- _Task directions_:
Print all of the data below exactly as it appears, leaving out every image.

- _Data shown_:
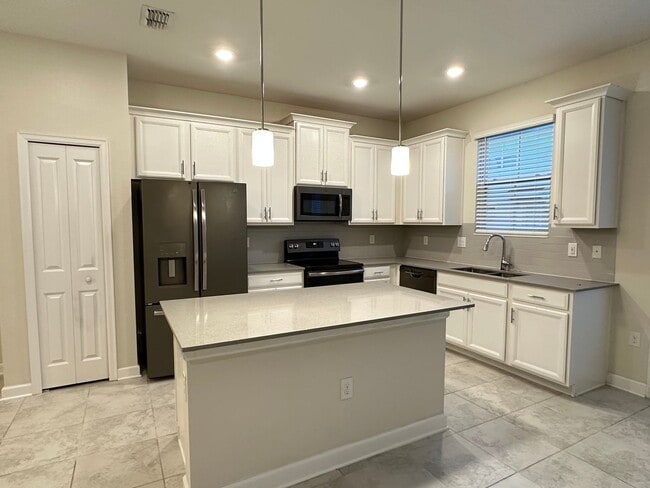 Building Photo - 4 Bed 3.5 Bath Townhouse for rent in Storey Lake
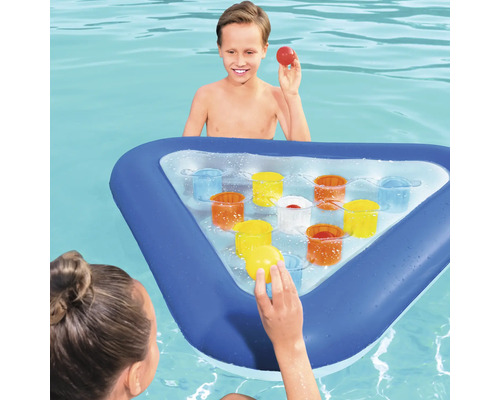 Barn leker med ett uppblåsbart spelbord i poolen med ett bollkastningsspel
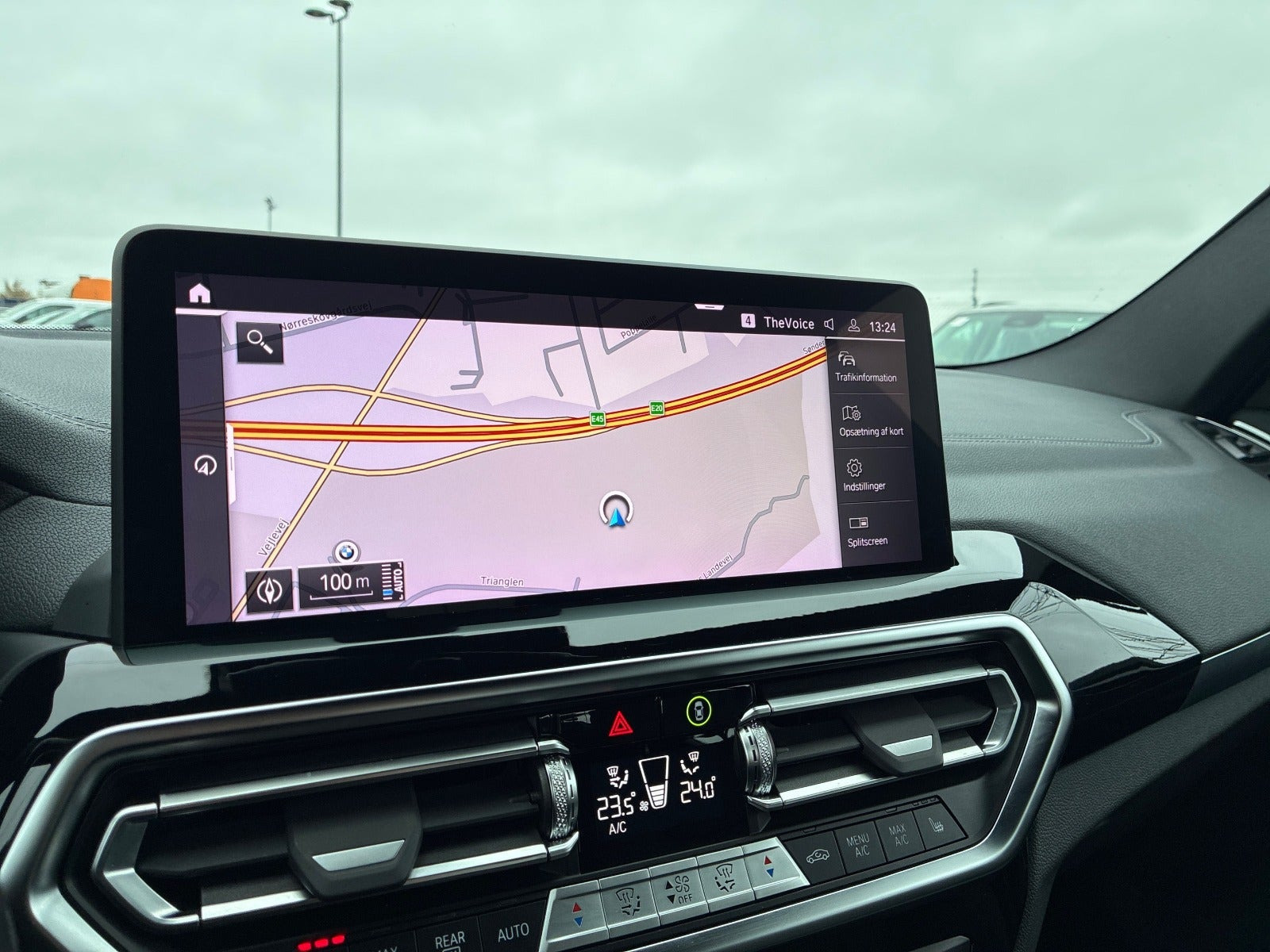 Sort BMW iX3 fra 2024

- _Result below_:
 Building Photo - 4 Bed 3.5 Bath Townhouse for rent in Storey Lake
 Barn leker med ett uppblåsbart spelbord i poolen med ett bollkastningsspel
 Sort BMW iX3 fra 2024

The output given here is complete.